Instead I had to tell her that some people have trouble giving so much of their energy and heart to another and that it's not necessarily a good or bad thing but that Cliffy just didn't have the capability to really commit to being there for the long-term.
Telling her that helped me a little. I feel incompetent in a lot of ways. I should have known she had this defect. In some ways, my inability to get a response from her when I was sick or my back hurt, even in the beginning of our relationship, should have told me that she had to be in the center.
I grew up in a house where the center/centering person was the one who gave the most and held the idea of family - someone who ensured we all worked the mission statement. In hers, apparently, the centered person is the person with male energy within a dichotomous world.
Cliffy talked about wanting true equality in her relationship but I think she freaked when I didn't take the lead in the way we worked our lives. I left a lot up to her in the mental sphere and let her have her masculine role.

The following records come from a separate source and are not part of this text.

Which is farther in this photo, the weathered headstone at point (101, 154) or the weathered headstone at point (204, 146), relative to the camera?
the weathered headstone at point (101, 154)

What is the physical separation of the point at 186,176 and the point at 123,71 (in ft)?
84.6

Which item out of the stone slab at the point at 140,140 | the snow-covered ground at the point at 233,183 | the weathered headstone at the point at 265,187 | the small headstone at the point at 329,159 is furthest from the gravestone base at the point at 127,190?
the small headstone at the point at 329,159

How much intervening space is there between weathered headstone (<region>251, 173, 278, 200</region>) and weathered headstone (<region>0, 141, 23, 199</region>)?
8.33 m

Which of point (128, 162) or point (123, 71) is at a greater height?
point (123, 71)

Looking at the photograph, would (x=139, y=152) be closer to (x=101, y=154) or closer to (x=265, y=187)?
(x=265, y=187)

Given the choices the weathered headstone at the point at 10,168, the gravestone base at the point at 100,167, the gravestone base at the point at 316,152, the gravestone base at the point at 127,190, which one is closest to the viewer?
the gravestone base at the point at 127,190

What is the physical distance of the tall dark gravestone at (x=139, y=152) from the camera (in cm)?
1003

I actively did not make choices which would have her be someplace she didn't want to be or doing something she didn't want to do. I deferred, not from some butch/femme mystique, but because I like to work the quiet and detail-oriented aspects of a relationship.

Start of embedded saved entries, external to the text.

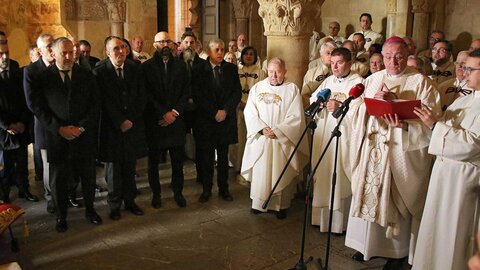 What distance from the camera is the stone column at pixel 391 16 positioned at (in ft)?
34.1

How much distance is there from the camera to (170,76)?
5.16 meters

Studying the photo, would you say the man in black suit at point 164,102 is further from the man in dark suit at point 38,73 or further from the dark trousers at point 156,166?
the man in dark suit at point 38,73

Cliffy's changed me. Inside me, I had again put aside the potential/the vision/the full expression of my capabilities because she could sleep for hours on end, then get up and watch tv, already knowing dinner would be ready. Because she didn't like her job most days but wouldn't look for another. Because she would never leave this town.

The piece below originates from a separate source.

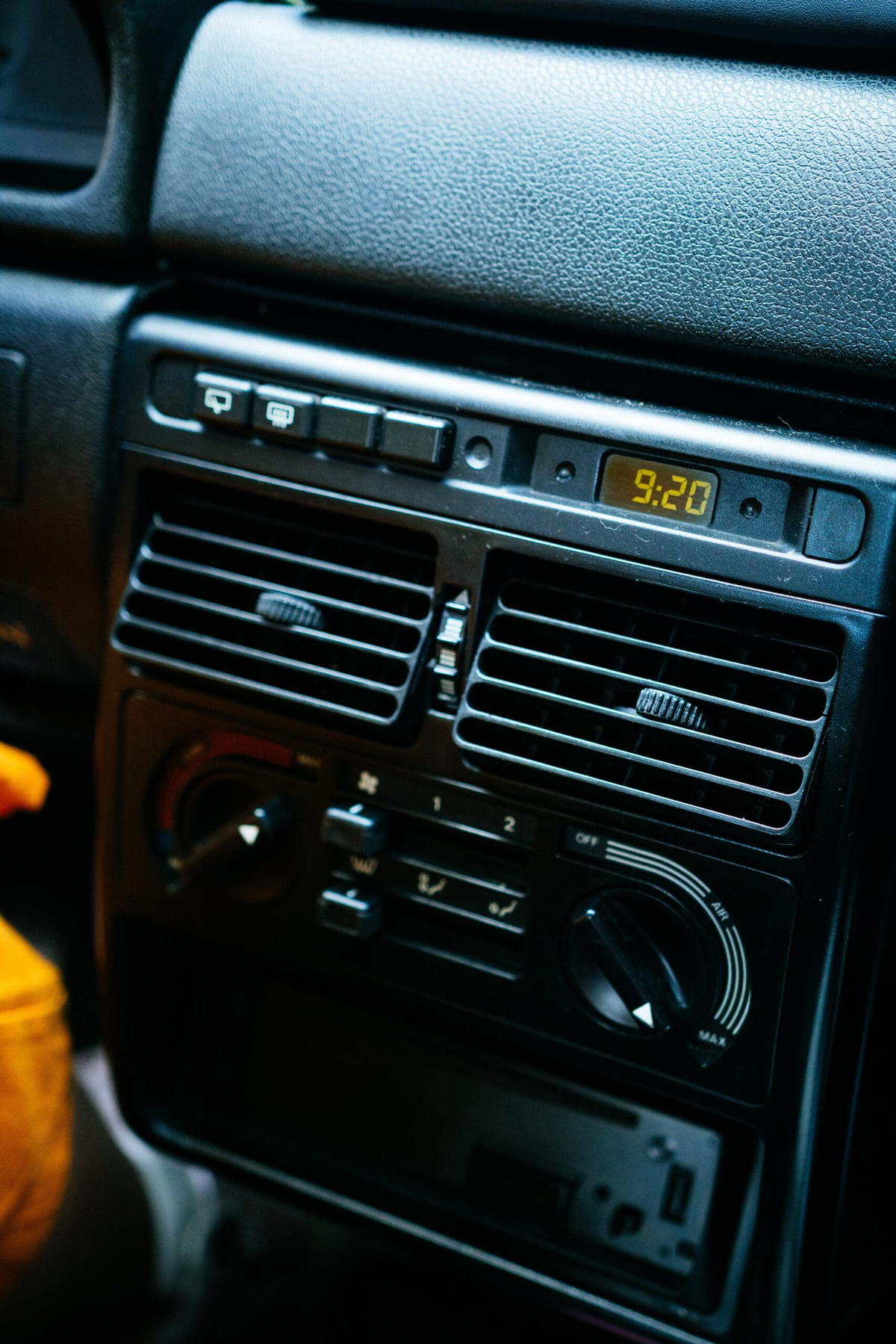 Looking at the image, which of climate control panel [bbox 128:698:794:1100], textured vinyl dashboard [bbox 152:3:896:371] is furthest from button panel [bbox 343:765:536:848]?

I don't want to be held down.
When Cliffy and I got together, we talked about supporting each other. She even suggested that, if my writing had me going somewhere else in the country, she could be supportive and be a parent to Tigrette. She even called her "my daughter" to her co-workers and told me that Tigrette was acting more and more like her. Inside, however, there was always this delay in me - that she might leave or, on a daily basis, that she might feel too sick or achy to give attention to Tigrette. She might choose tv over my child. As a mother, I rarely am able to choose anything over my child, no matter how achy or sick or flustered.
On New Year's Eve, Tigrette and I sat on the patio and watched some fireworks. As it got cold, we came in for hot chocolate and we talked as she sat on my lap. That was the first time in a long time that I've felt calm. Despite Cliffy's quiet demeanor, she always carried this look on her face, like she might run.
How do you explain that to a child? How do you explain fifty years of behavior that makes you loved by many but loving few?